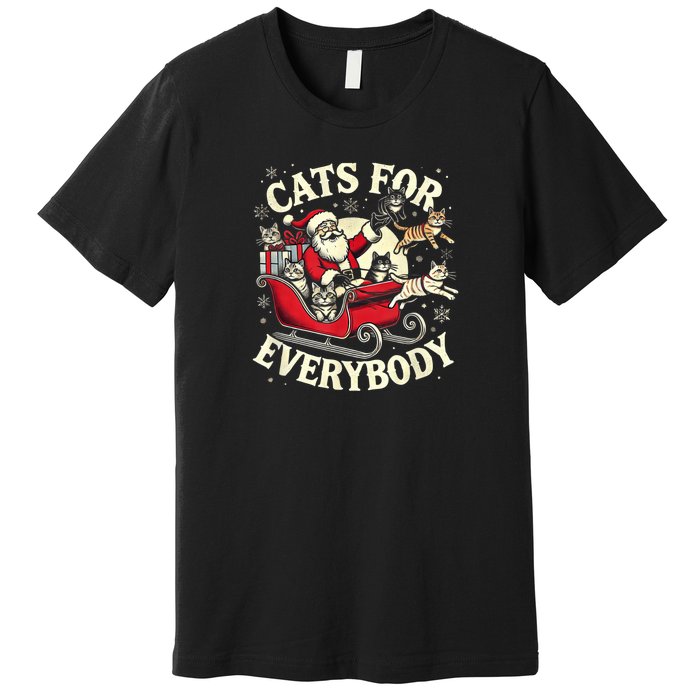 Christmas Cat Santa Cat Lover Christmas Cats For Everybody Premium T-Shirt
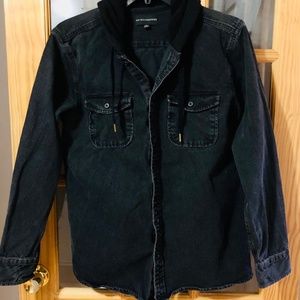 Men Hooded Shacket M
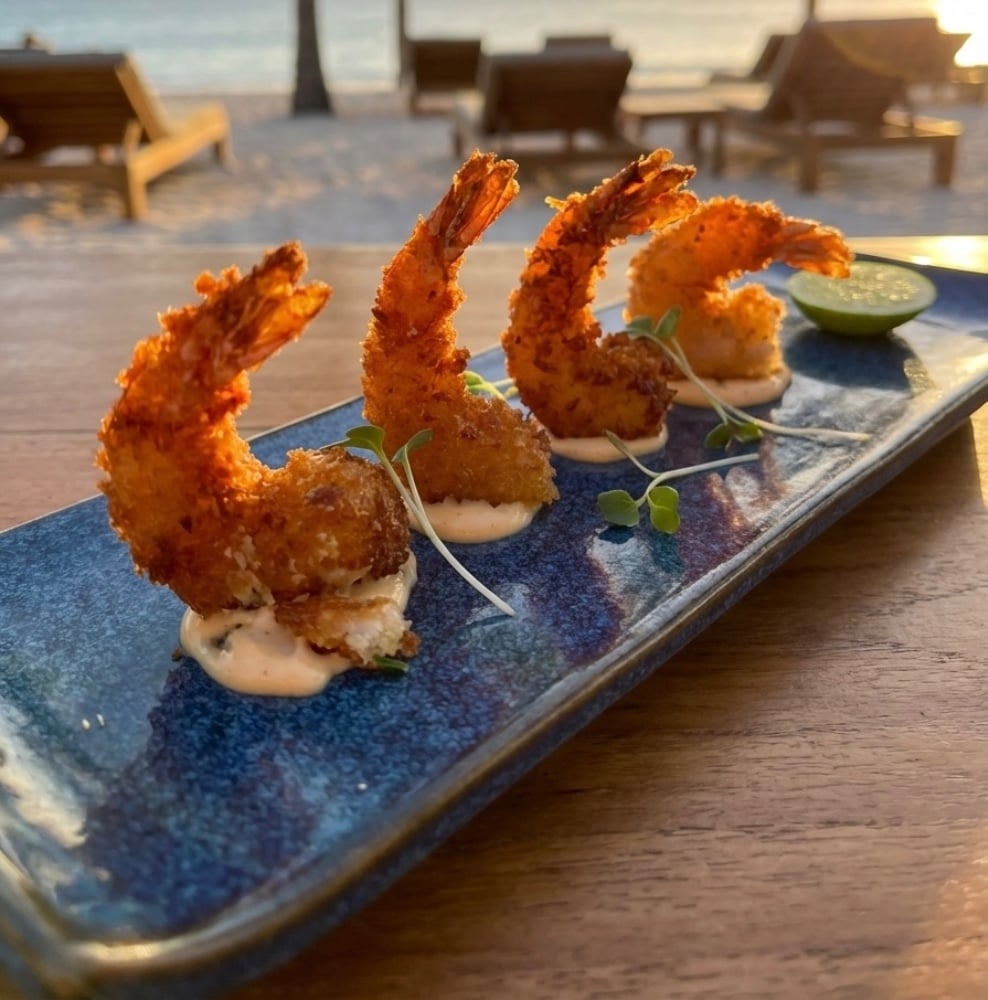 Golden Crispy Shrimp with Spicy Mayo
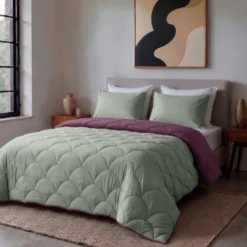 Lazy Dekbed Zonder Overtrek - Groen/Rose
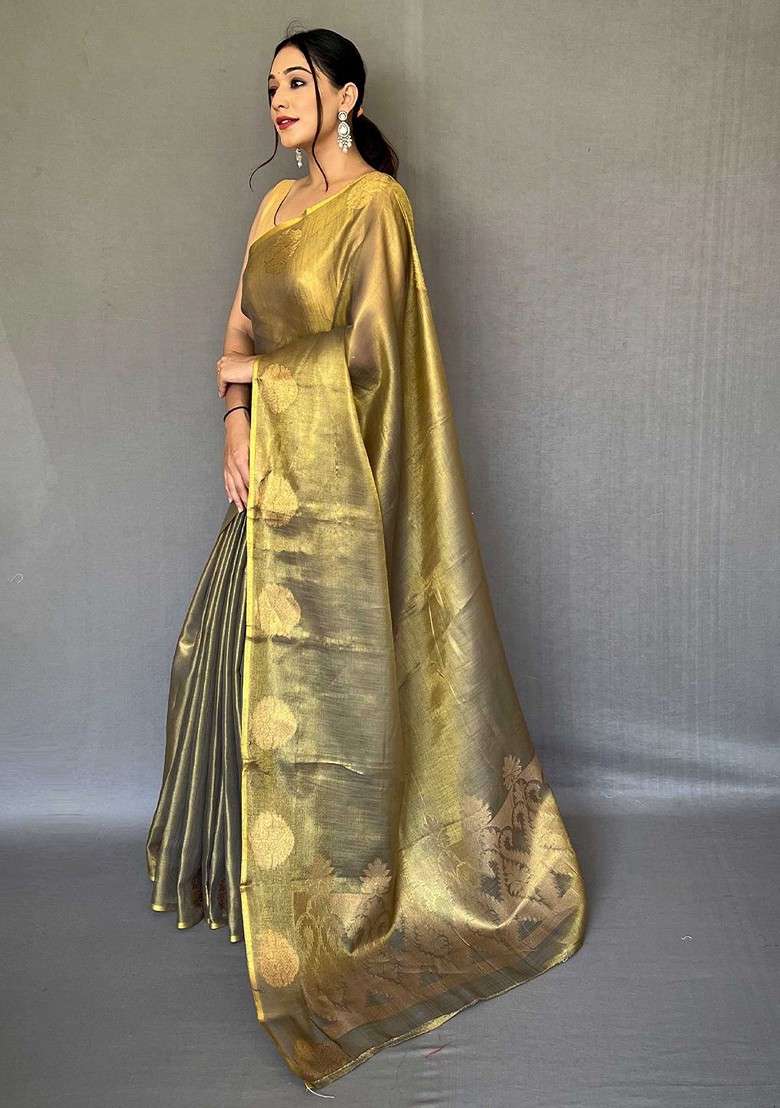 Gold Zari Printed Blended Saree Set - Indya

[INSTRUCTIONS TO FOLLOW] Copy exactly what appears from the line holding "Men Hooded Shacket M" to the end of the material, keeping both end lines. Pictures are not part of the copy.

[EXERCISE RESPONSE]
 Men Hooded Shacket M
 Golden Crispy Shrimp with Spicy Mayo
 Lazy Dekbed Zonder Overtrek - Groen/Rose
 Gold Zari Printed Blended Saree Set - Indya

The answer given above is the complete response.